MESOP NEWS TODAYS TOP OF THE AGENDA : U.S.-Led Coalition, Pro-Regime Forces Clash in Eastern Syria / Analysis by Charles Lister and others

Dozens of people were killed in bombings by the U.S.-led coalition in Syria (AP) after Syrian government forces attacked troops from the U.S.-backed Syrian Democratic Forces (SDF) in the eastern city of Deir ez-Zor.

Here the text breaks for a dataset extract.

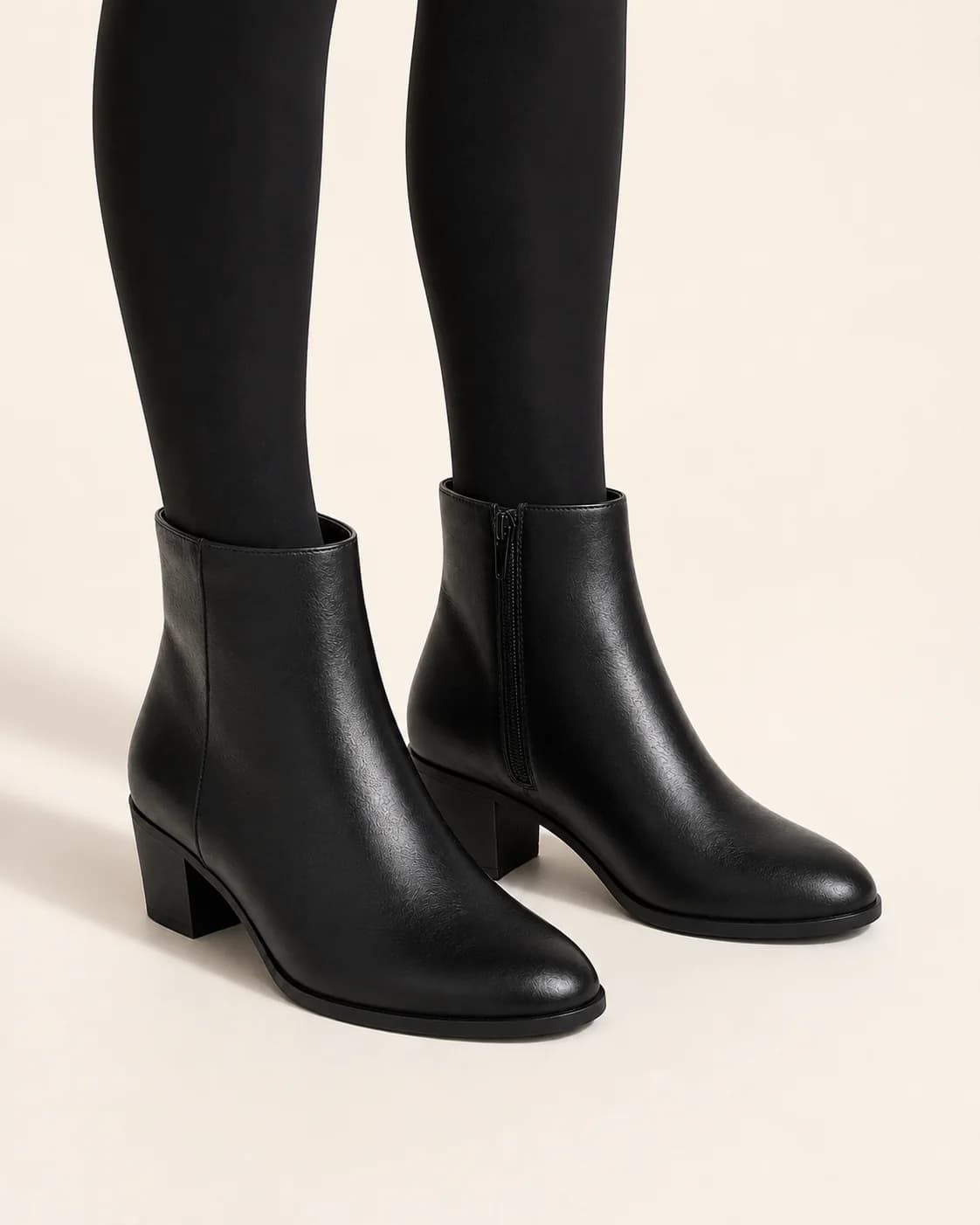 Black Leather Look Ankle Boots in a styled look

The U.S.-led coalition said in a statement that the air strikes were carried out in response to what it called an “unprovoked attack” by pro-regime forces (BBC) on a well-known SDF base where coalition advisors were present. It estimated the strikes killed a hundred pro-government forces, which would be the highest number of such casualties inflicted by the coalition. Syrian state media said government forces were fighting Islamic State militants in the area (CNN) and that the international coalition targeted them in an “attempt to support terrorism.”

ANALYSIS

“The U.S. has successfully slithered its way into Syria and established a permanent military presence in a changing and often vacuous battlefield,” Samer Abboud writes for Middle East Eye.

“Much like Lebanon’s civil war, a nasty internecine conflict with countless casualties that lasted fifteen years, the situation in Syria today is further complicated by a dizzying array of actors pursuing divergent interests in partnership with competing groups,” says Mara Karlin in testimony to a U.S. House foreign affairs subcommittee (PDF).

“By seeking to stabilize Syria’s northeast, the U.S. is going some way towards minimizing the risk of an ISIS comeback. However, in doing so through the SDF, we continue to enrage nearly every other actor involved in Syria,” Charles Lister and William F. Wechsler write for Politico.